# Where to get paper t-shirt tags?



## BAD311 (Nov 17, 2007)

I'm about to start selling t-shirts in retail stores. I'm going to purchase a unique UPC bar code for my company that will be used on ALL shirts, no matter the size. So when company A rings it up using the paper tag attached to the shirt, it'll display the price so they can pay.

I need to find a printer who can print approx 1,500 tags up that are 2"x2" full color one side, black/white on the back.

I also need a tool that can be used to punch the plastic ring/wire thing into the t-shirt that will have the tag on it.

Where can I go to get this done at an affordable price?
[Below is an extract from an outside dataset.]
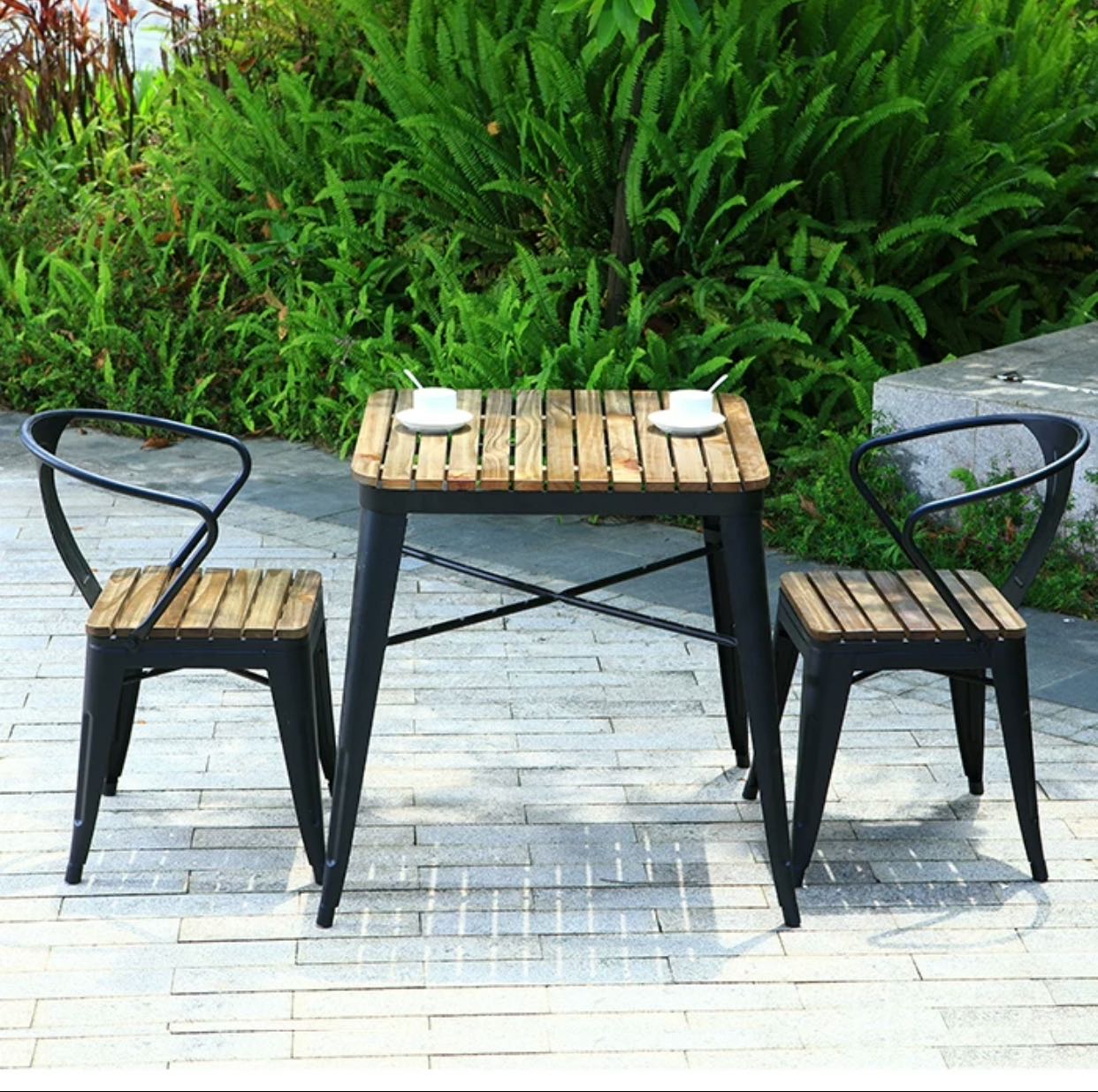 Outdoor Bistro Set - 4 Seasons Home Gadgets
[media]http://i299.photobucket.com/albums/mm299/prolooksportswear/Misc%20Tags/nba-tshirt-tag.jpg[/media]

Here is an example. Mine will be 2"x2" with that plastic piece that goes into the shirt, pops together and forms a ring... Would be great if anyone knew, thanks!


----------



## Solmu (Aug 15, 2005)

BAD311 said:


> I need to find a printer who can print approx 1,500 tags up that are 2"x2" full color one side, black/white on the back.


Any offset printer, most business card printers, some labelling companies, etc. etc.
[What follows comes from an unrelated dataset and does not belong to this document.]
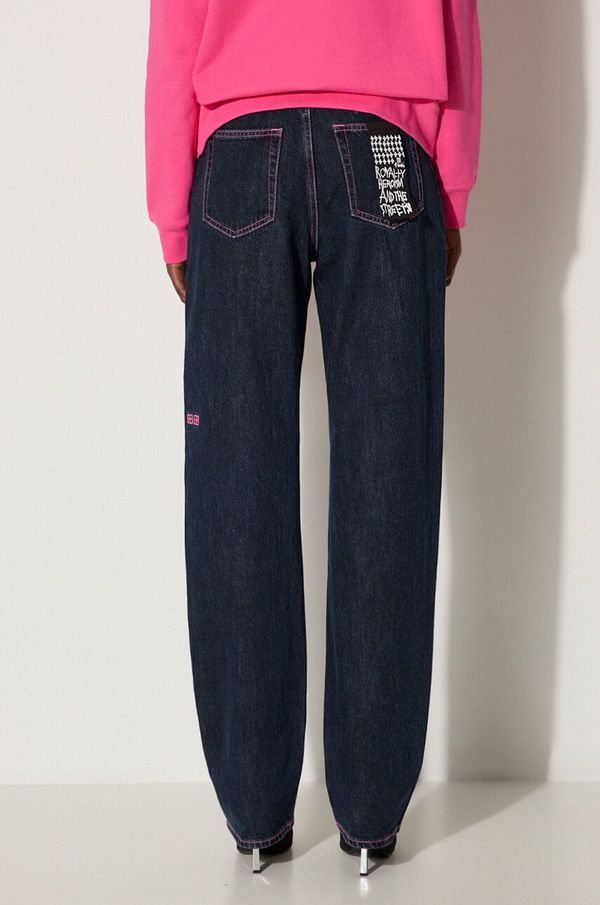 KSUBI Traperice KSUBI za žene, visoki struk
There are printers who specialise in hangtags, so you could Google for that, but it's a dead simple job so you wouldn't have to go to a specialist.



BAD311 said:


> I also need a tool that can be used to punch the plastic ring/wire thing into the t-shirt that will have the tag on it.


You can get a tagging gun on eBay for less than ten bucks.

If you're set on the plastic circle variant, not sure if you can get that on eBay or not (probably), but it's worth a look.


----------



## FatKat Printz (Dec 26, 2008)

try customlabels4u.com.. I received some of their samples and they are awesome.

I have yet to use them myself but they seem reasonable.

Good luck


----------



## splathead (Dec 4, 2005)

Talk to your retailers first. Those sophisticated enough to use scanners will want to capture more info from your bar code than just price. They will most certainly will want size, sex, etc. for inventory management.


----------



## BAD311 (Nov 17, 2007)

Hey guys thanks for all the info.

Splathead, that isn't important. I'll be selling them locally, and managing the racks myself (or a friend will for me). We'll keep tabs on inventory on our end. If they sell well, then I will worry about bar codes with that information 

Thanks guys!!! Keep it coming please.


----------